Starting at the first entry below, repeat all the data word for word and drop the pictures.

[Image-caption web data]
___

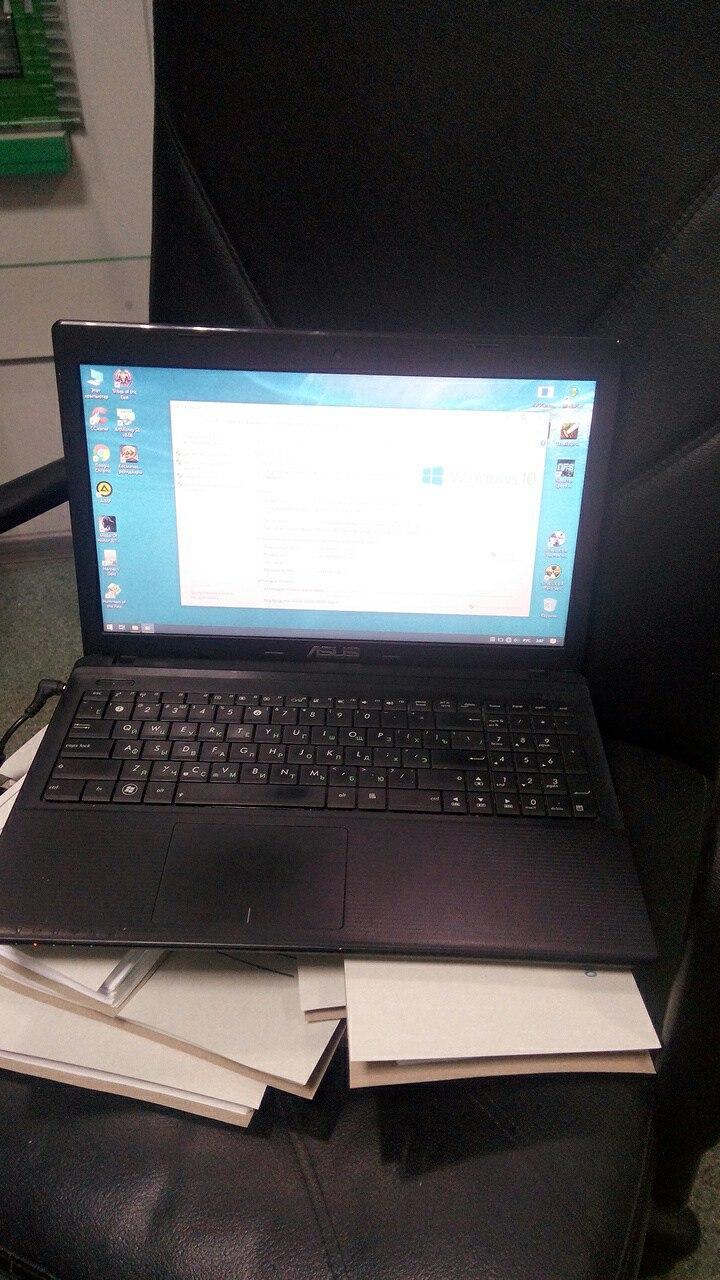 

Б/У Asus X55U (AMD E-450 1,65/RAM 2Gb/HDD 320Gb/AMD Radeon HD 6320M)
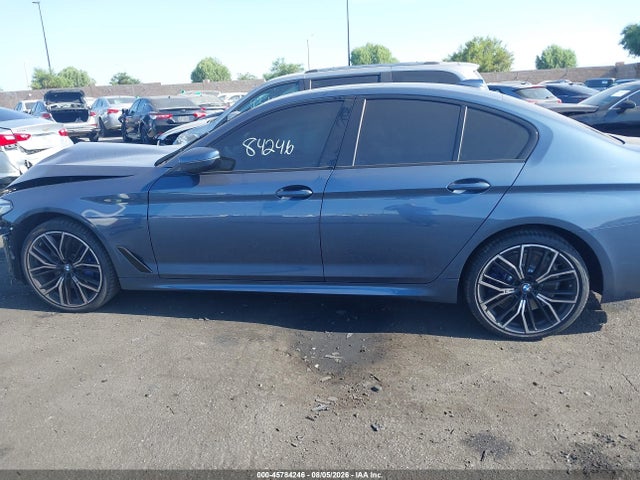WBA53BJ06PWX99438 BMW 540 I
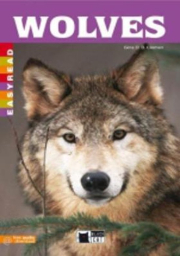 Black Cat WOLVES ( Early Readers Level 1)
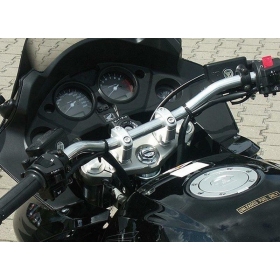 LSL vairo paaukštinimas +25mm Ø22 mm HONDA CBF 1000 2006-2008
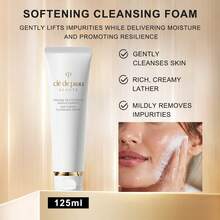 CPB Skin Key Beauty Gentle Cleansing Foam 125ml - SOFTENING 125ml - View 12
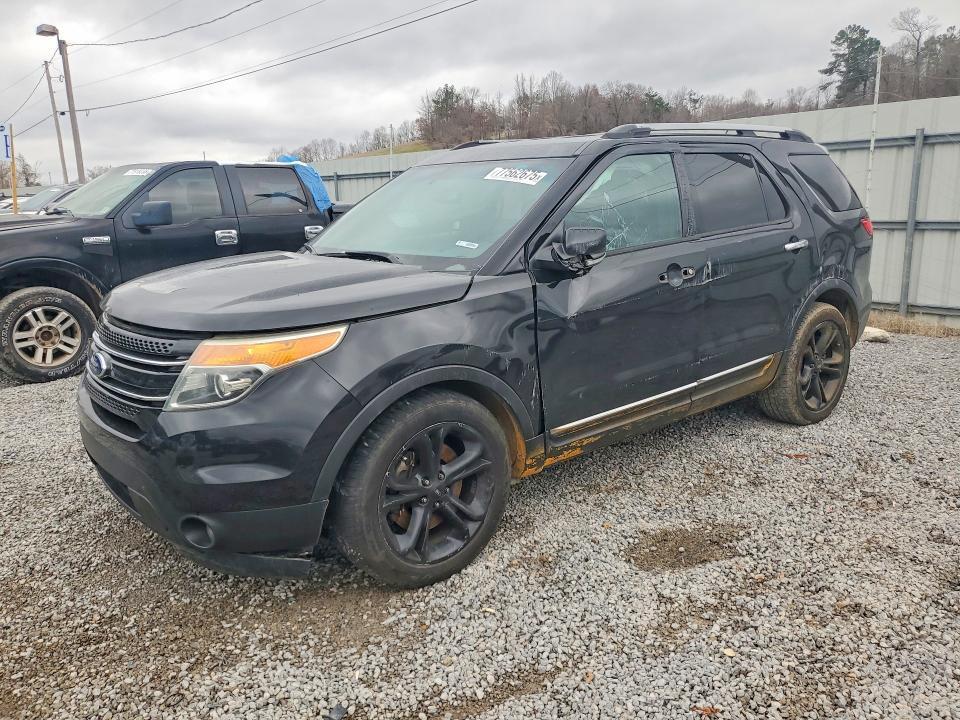 2014 FORD EXPLORER LIMITED  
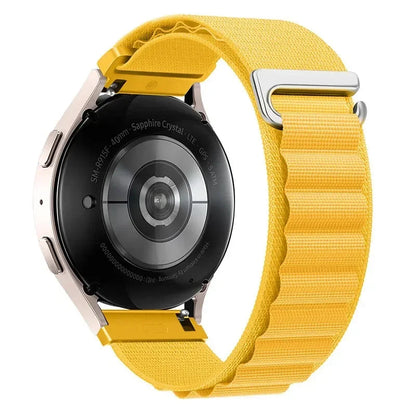 OnePlus Smartwatch Alpine Loop Nylon Band Adjustable Sport Strap BandsCo Straps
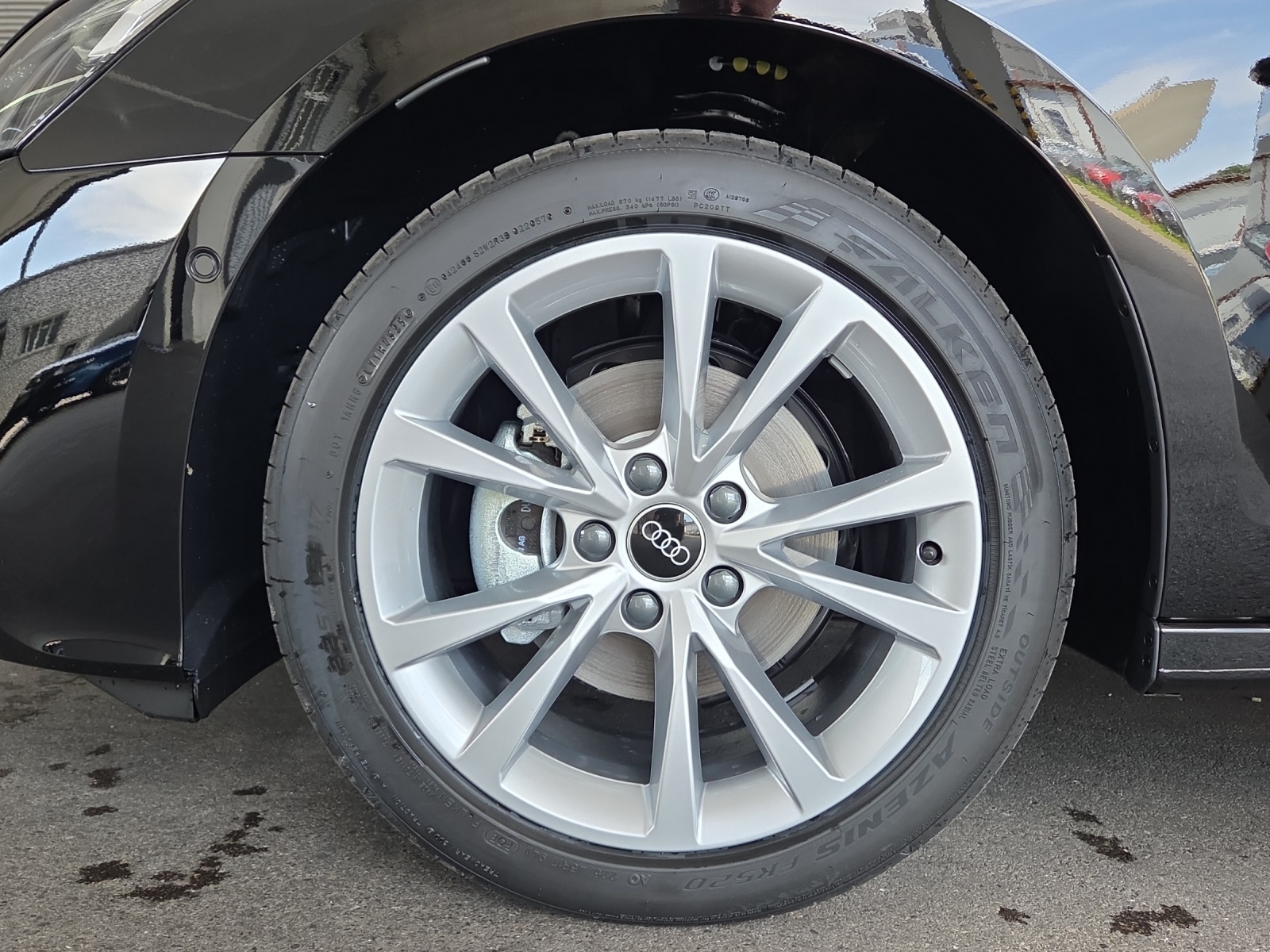 AUDI A3 Sportback TFSI 110 kW Attraction S tronic-image-11
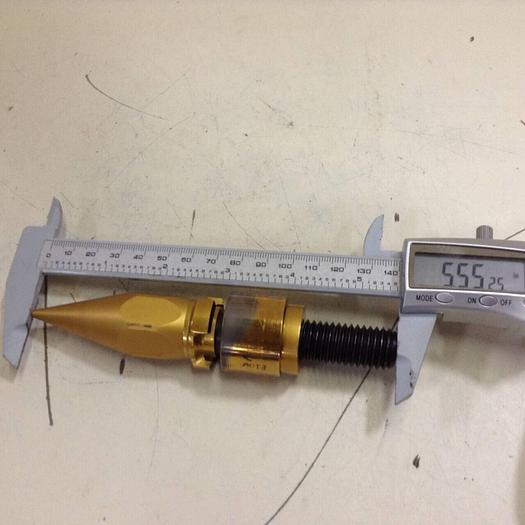 Used VAN DORN 3 Piece 28 mm Screw Tip TIP420 #88420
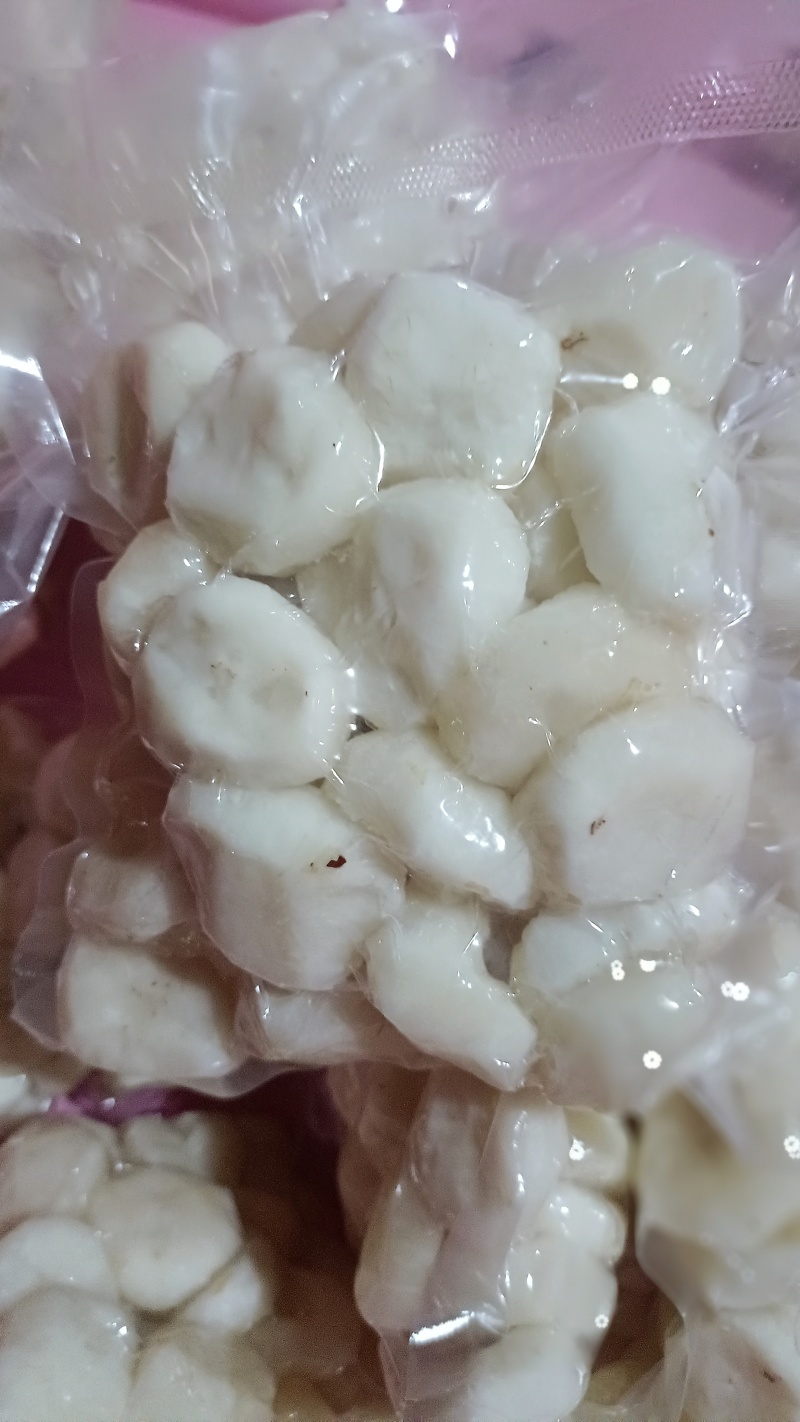 削皮马蹄荸荠四川大马蹄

___

» **The answer**:
Б/У Asus X55U (AMD E-450 1,65/RAM 2Gb/HDD 320Gb/AMD Radeon HD 6320M)
WBA53BJ06PWX99438 BMW 540 I
 Black Cat WOLVES ( Early Readers Level 1)
 LSL vairo paaukštinimas +25mm Ø22 mm HONDA CBF 1000 2006-2008
 CPB Skin Key Beauty Gentle Cleansing Foam 125ml - SOFTENING 125ml - View 12
 2014 FORD EXPLORER LIMITED  
 OnePlus Smartwatch Alpine Loop Nylon Band Adjustable Sport Strap BandsCo Straps
 AUDI A3 Sportback TFSI 110 kW Attraction S tronic-image-11
 Used VAN DORN 3 Piece 28 mm Screw Tip TIP420 #88420
 削皮马蹄荸荠四川大马蹄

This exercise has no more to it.